Елена Рыковцева: По поводу отъезда из страны я как раз хотела сказать, что его они не собирались выпускать. Потому что как теперь выясняется, этот загранпаспорт был арестован тогда же в мае во время обысков. Мы не можем сейчас говорить, что он мог уехать, потому что все это было абсолютно неожиданно, он не мог уехать, начиная с мая, просто мы тогда об этом не знали. Он только в августе сказал, что изъяли его загранпаспорт во время майских обысков. То есть это сигнал для всех остальных, но не для него, потому что он все равно был избран жертвой, он должен был сесть, и он сядет для того, чтобы все остальные были поумнее.
Виктор Шендерович: Как в случае с Ходорковским, в случае с Гусинским есть политический интерес, рядом немедленно возникает какое-то количество шакалов с интересом весьма меркантильным, туда же включаются и политические интересы – это все рядом ходит. Мы помним, что Ходорковский сел по политическому интересу, но заодно Сечин стал миллиардером, грех не попользоваться. В этой истории, я думаю, тоже есть какие-то обстоятельства, которые указали именно на Серебренникова, а не на кого-то другого. Но это уже, повторяю, побочный сюжет.
Елена Рыковцева: Мне интересно, что вы скажете по поводу позиции "нашего всего", как вы называете президента Российской Федерации, потому что это длинная цепочка переговоров с той самой интеллигенцией, на которую он рассчитывает на выборах, с ним лично. Давайте вспомним, как это все начиналось, все начиналось с вопроса Сергея Безрукова на прямой линии с народом в июне. Давайте посмотрим вопрос.
Елена Рыковцева: И мы не даем сейчас никакого мнения Путина, потому что он ничего не сказал про Серебренникова, он ответил что-то такое про "Матильду". Но потом он вышел к журналистам, послушаем эту цитату, когда он высказался именно по поводу Серебренникова после прямой линии.

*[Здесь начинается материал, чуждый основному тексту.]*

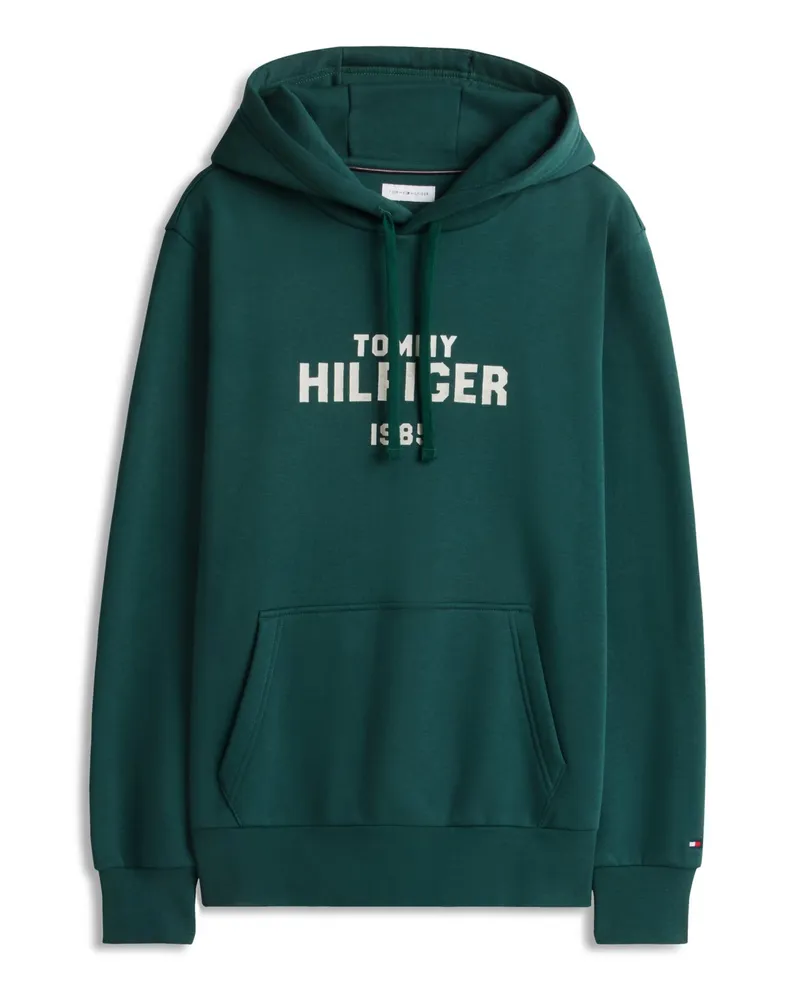 Tommy Hilfiger Hoodie aus einem Baumwoll-Mix mit Label-Print, Regular Fit in Grün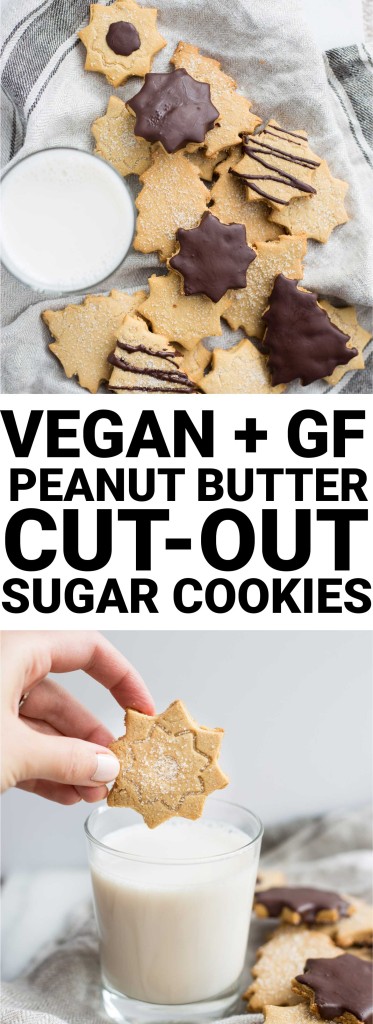 Peanut Butter Cut-Out Sugar Cookies (vegan & gluten free): These vegan & gluten free cut-out sugar cookies are perfect for the holidays! They're packed with nut butter flavor and super soft and chewy! Made with almond flour and coconut flour. || fooduzzi.com recipe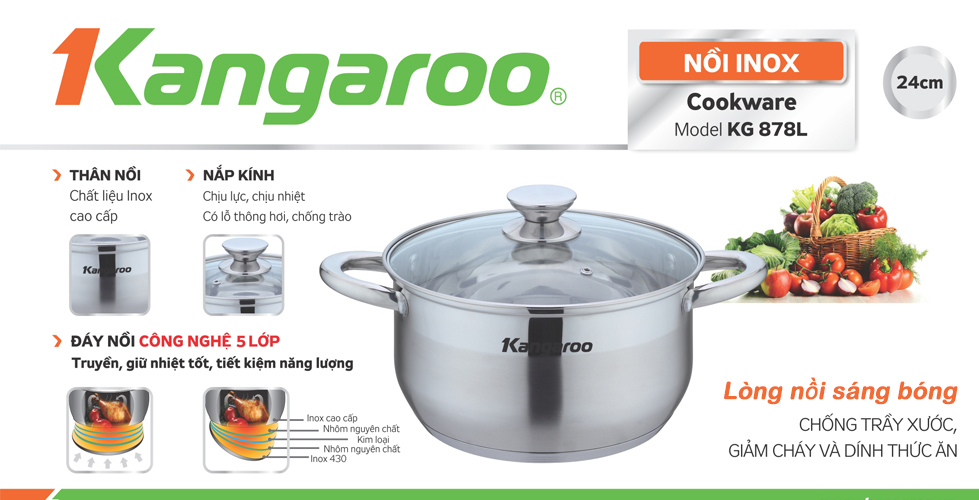 Nồi inox cao cấp 5 lớp KG878L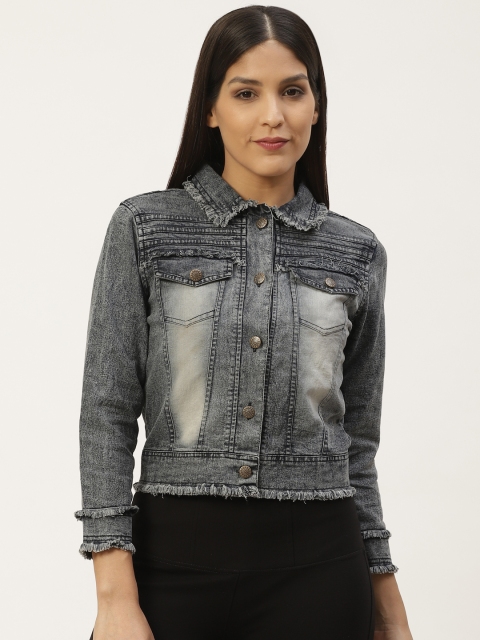 

ANTS Women Charcoal Grey Washed Denim Jacket
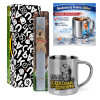 Easter Set, metallic thermal cup (300ml) & Easter aromatic flat candle (30cm) (GRAY)
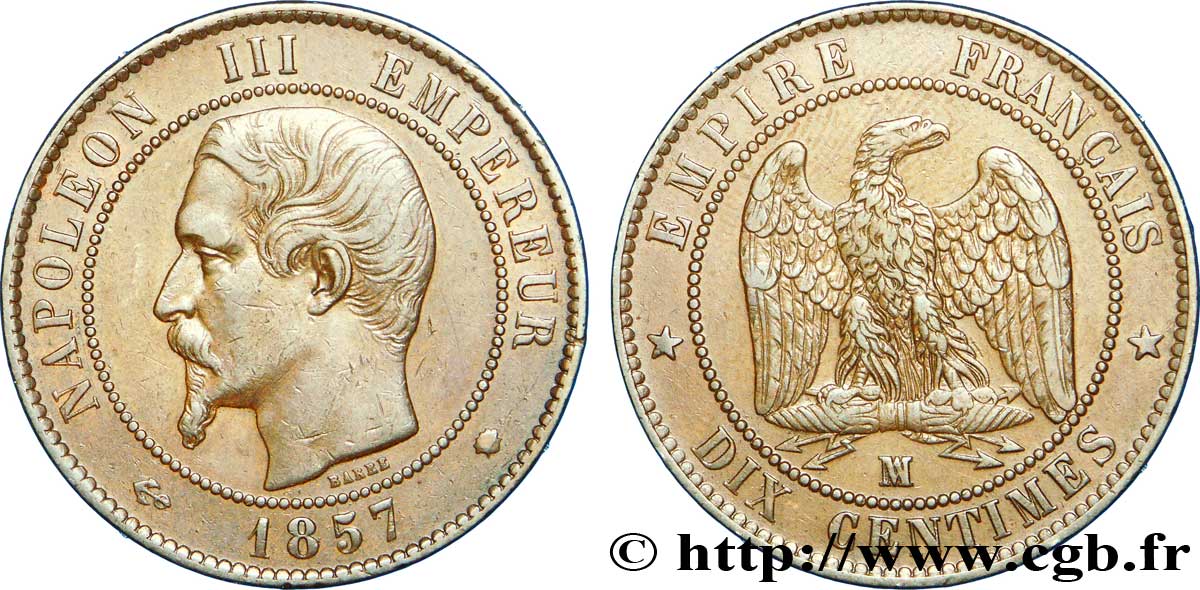 Dix centimes Napoléon III, tête nue 1857 Marseille F.133/45 TTB48 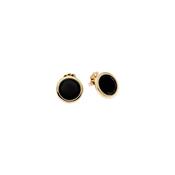 aquaforte tonde reverse stud earrings with black  faceted venitian glass 16mm image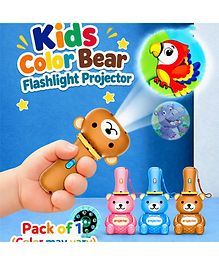 NEGOCIO Kids Color Bear Flashlight Projector - 48 Pattern Include Vehicles, Dinosaurs, Animals, 26 Letter Educational Learning Bedtime Night Light for Kids- PACK OF 1 - COLOR MAY VARY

Елена Рыковцева: Все совершенно понятно, про никаких дураков он не помнит, "дураки" были пущены Андреем Колесниковым, как вы помните. Подошел Миронов с этим письмом в защиту, и Андрей Колесников написал: Путин сказал, что "дураки какие". Теперь он говорит, что "дураки" – потому что силовую поддержку зачем-то этим следственным действиям обеспечивали, а больше знать не знаю, моя хата с краю. Потом просквозили какие-то слухи, что кто-то к нему еще раз ходил, как раз эта творческая интеллигенция, о которой вы говорите. Вроде бы он сказал не трогать, как слили из каких-то кулуаров. И вот теперь новая версия, что почему-то он поменял свое мнение сейчас, почему-то считается, что это он изменил свое мнение, он отдал этот приказ арестовывать. Он рассчитывает на эту интеллигенцию на выборах, а она вся сейчас в едином порыве пишет письма в защиту Серебренникова. Как это сочетается между собой?
Виктор Шендерович: Когда вы говорите – он рассчитывает на поддержку, как будто мы находимся во Франции или Англии, прости господи, где будут какие-то выборы, претенденты на посты заинтересованы в поддержке. Какие варианты у творческой интеллигенции? Он ни на кого не рассчитывает, он даст отмашку на поддержку, и выстроится большая очередь стать его доверенными лицами, как всегда. Будут открыты дополнительные шлюзы финансирования, там будет такая конкуренция за "желание поцеловать в плечико", я цитирую одно доверенное лицо, что другим не пробиться. У него нет никакой необходимости завоевывать наше доверие. Необходимость послать внятный сигнал есть, этот сигнал послан. Я не думаю, что вообще мы правильно делаем, что слушаем, что он говорит. Мое мнение такое, что слушать было интересно в 2000–2001 году, но с тех пор, как он десятки раз попадался на прямой лжи, уже не очень интересно, что он говорит. Мы по следу смотрим, какой след оставляют его действия, какие выжженные деревни позади диверсионных команд.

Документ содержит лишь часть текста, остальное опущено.